| TASK BRIEF |
Please retype exactly the lines from the one containing "COTTON NAVY BLUE TWILL CHECKED CASUAL SHIRT" through the end of the records, leaving out the pictures.

++++++++++++++++++++

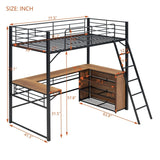 Artsy Full Size Metal Loft Bed with 3 Layers and L-shaped Desk, Black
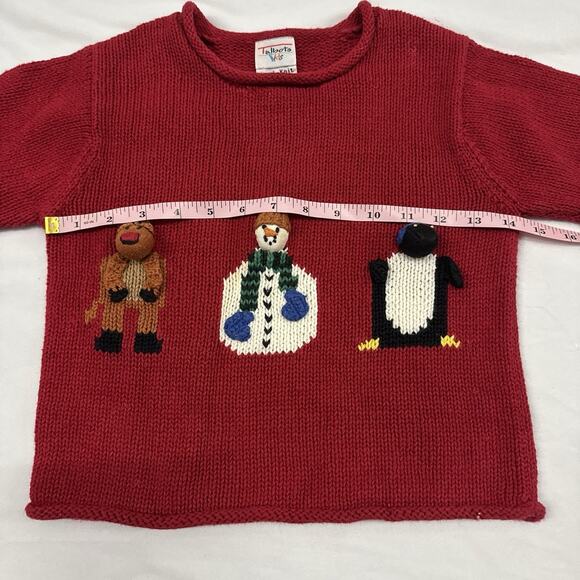 Vintage Talbots Kids Hand-Knit 4T Sweater Roll Neck Snowman Christmas Embroidery - Picture 5 of 7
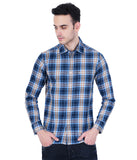 COTTON NAVY BLUE TWILL CHECKED CASUAL SHIRT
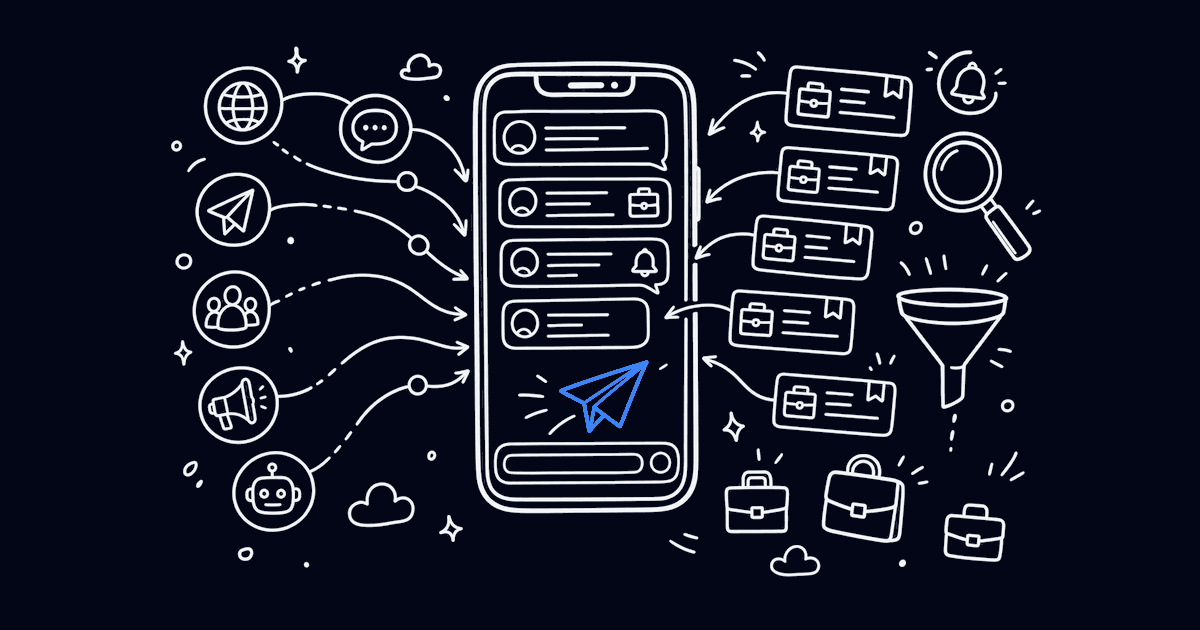 Маркерная иллюстрация: смартфон с лентой сообщений, в которую стекаются карточки вакансий из разных каналов, синий бумажный самолетик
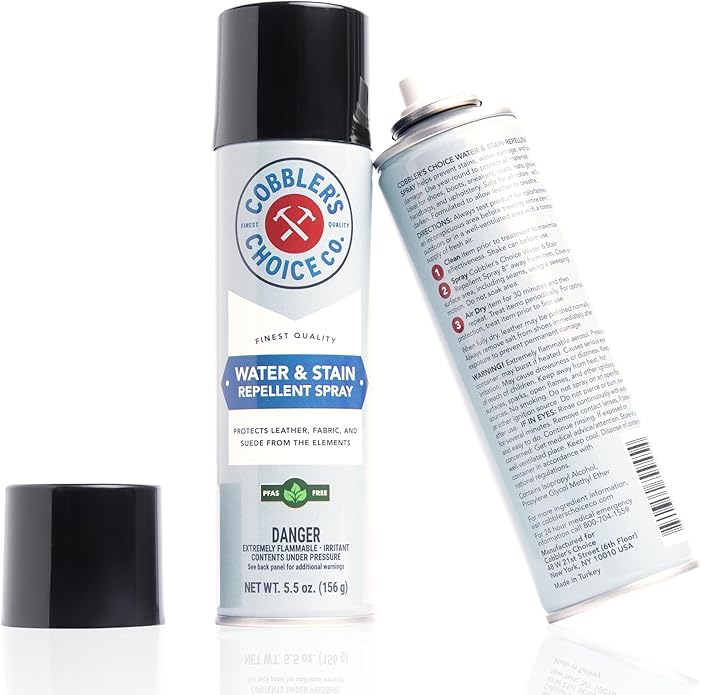 Cobbler's Choice Water and Stain Repellent Spray (PFAS Free) - Waterproofs & Protects Leather, Suede, and Fabric from the elements!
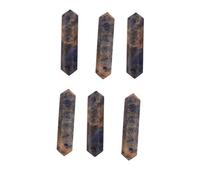 Blessfull Healing Gemstone Sodalita Crystal Points Wand Varita doble terminación Reiki Chakra Pulido 6 Varita de cuarzo facetada Equilibrio energético Meditación Decoración hogar Conjunto de 6 piezas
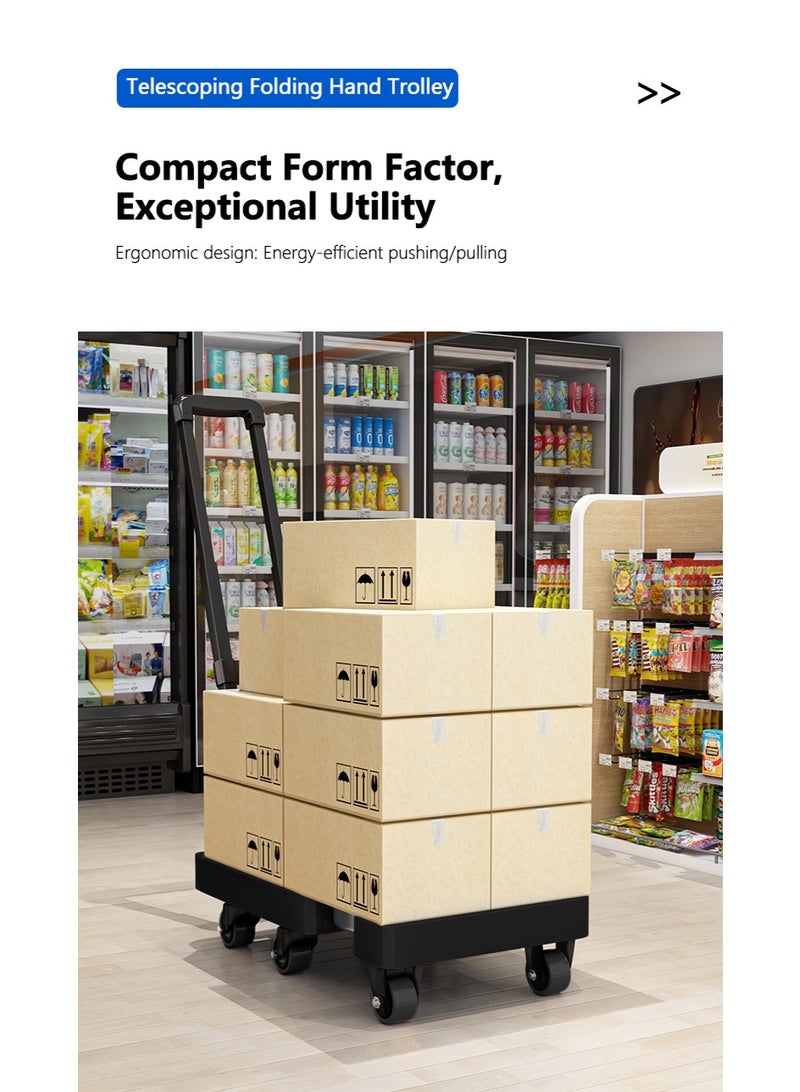 WALALLA Folding Hand Truck, Lightweight Heavy Duty Luggage Cart, Extendable Utility Dolly Platform Cart, Portable Platform Trolley with 6 Wheels, Elastic Ropes, Telescoping Handle for Material Handling - Image 4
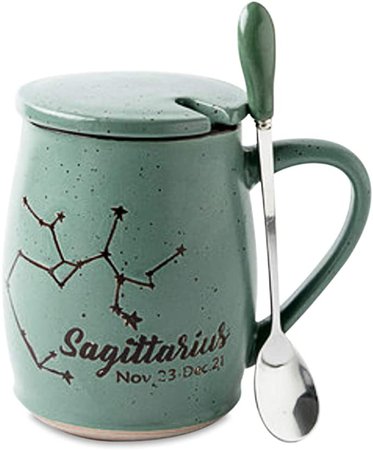 Amazon.com: Ceramic Zodiac Constellation Mugs 15 OZ - Astrology Cup with Spoon and Lid Set - Star Mug - Dishwasher & Microwave Safe (GEMINI): Kitchen & Dining
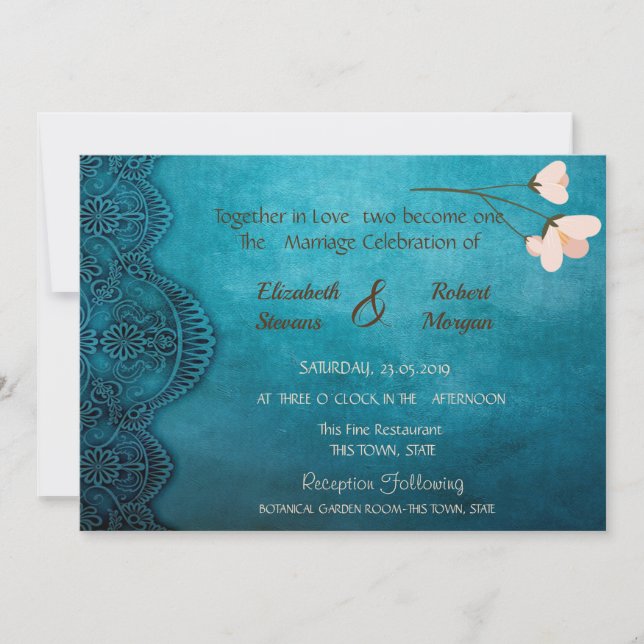 Elegante Chique Convite de Casamento Vintage (Frente)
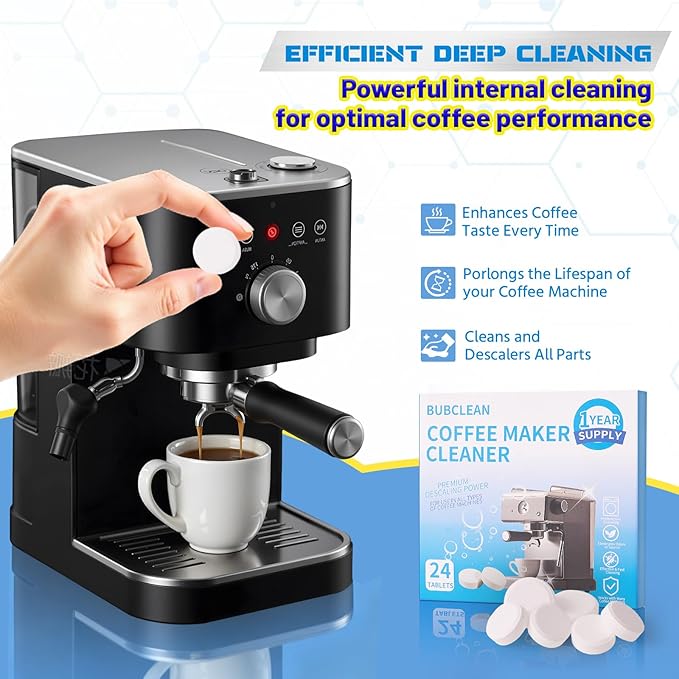 Coffee Maker Cleaner, Coffee Machine Descaler Tablets, 24 Count, Compatible with Multi Coffe Maker, Removes Dirt Limescale for Drip Coffe and Espresso Machines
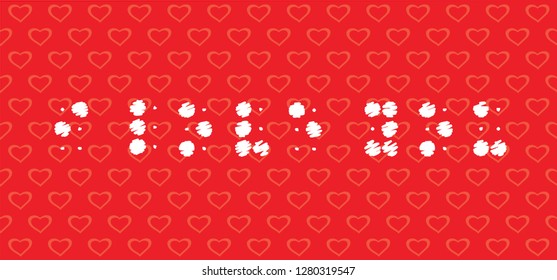 World braille, blind day. Love heart month or happy singles day. 14 february, valentine, valentines day or for romantic, wedding banner. Fun icon sign. Braille books.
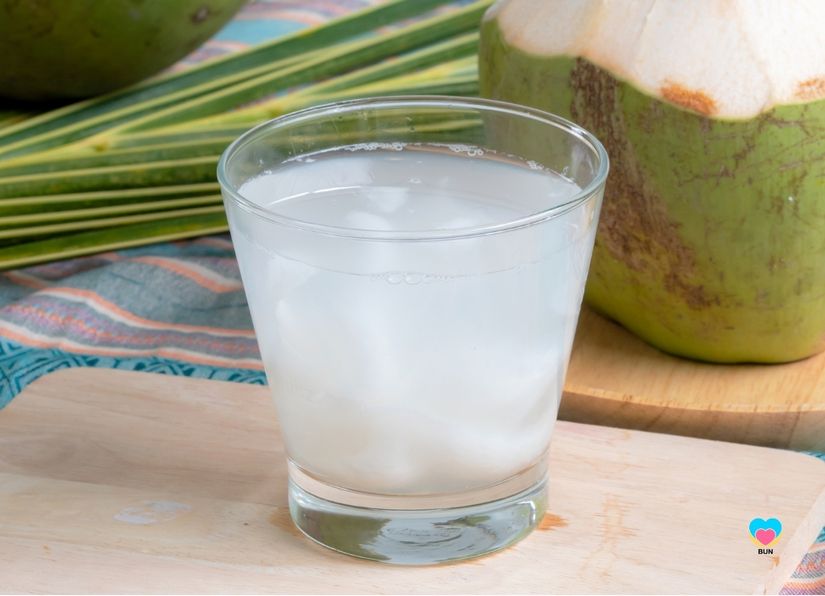 coconut water in glass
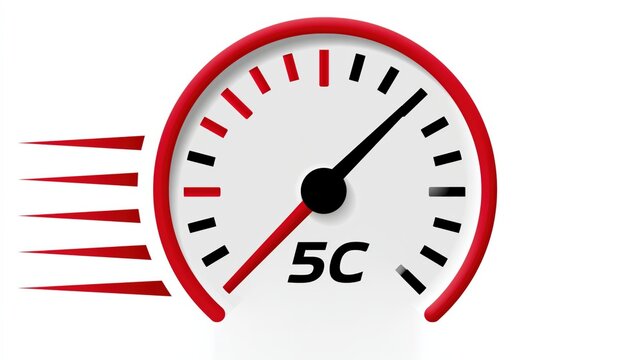 High-Speed 5G Network Indicator Gauge Showing Fast Connection Performance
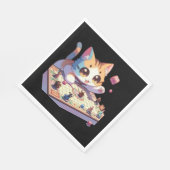 Cat Throwing Dice Tabletop Game Serviette (Ecke)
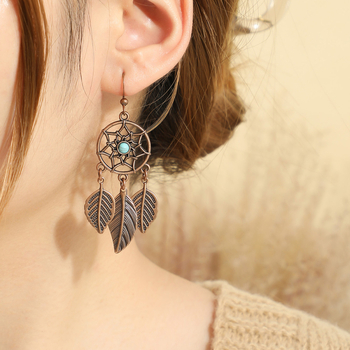 Σετ κοσμημάτων: σκουλαρίκια και κολιέ με θέμα dream catcher, μποέμ στυλ, με μοτίβο ιστού αράχνης; υλικά: ψευδάργυρος κράμα; υλικό κρεμαστού: κράμα; τύπος αλυσίδας: κανονική αλυσίδα; φινίρισμα: ηλεκτροπλατίωση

++++++++++++++++++++

| RESPONSE AREA |
 COTTON NAVY BLUE TWILL CHECKED CASUAL SHIRT
 Маркерная иллюстрация: смартфон с лентой сообщений, в которую стекаются карточки вакансий из разных каналов, синий бумажный самолетик
 Cobbler's Choice Water and Stain Repellent Spray (PFAS Free) - Waterproofs & Protects Leather, Suede, and Fabric from the elements!
 Blessfull Healing Gemstone Sodalita Crystal Points Wand Varita doble terminación Reiki Chakra Pulido 6 Varita de cuarzo facetada Equilibrio energético Meditación Decoración hogar Conjunto de 6 piezas
 WALALLA Folding Hand Truck, Lightweight Heavy Duty Luggage Cart, Extendable Utility Dolly Platform Cart, Portable Platform Trolley with 6 Wheels, Elastic Ropes, Telescoping Handle for Material Handling - Image 4
 Amazon.com: Ceramic Zodiac Constellation Mugs 15 OZ - Astrology Cup with Spoon and Lid Set - Star Mug - Dishwasher & Microwave Safe (GEMINI): Kitchen & Dining
 Elegante Chique Convite de Casamento Vintage (Frente)
 Coffee Maker Cleaner, Coffee Machine Descaler Tablets, 24 Count, Compatible with Multi Coffe Maker, Removes Dirt Limescale for Drip Coffe and Espresso Machines
 World braille, blind day. Love heart month or happy singles day. 14 february, valentine, valentines day or for romantic, wedding banner. Fun icon sign. Braille books.
 coconut water in glass
 High-Speed 5G Network Indicator Gauge Showing Fast Connection Performance
 Cat Throwing Dice Tabletop Game Serviette (Ecke)
 Σετ κοσμημάτων: σκουλαρίκια και κολιέ με θέμα dream catcher, μποέμ στυλ, με μοτίβο ιστού αράχνης; υλικά: ψευδάργυρος κράμα; υλικό κρεμαστού: κράμα; τύπος αλυσίδας: κανονική αλυσίδα; φινίρισμα: ηλεκτροπλατίωση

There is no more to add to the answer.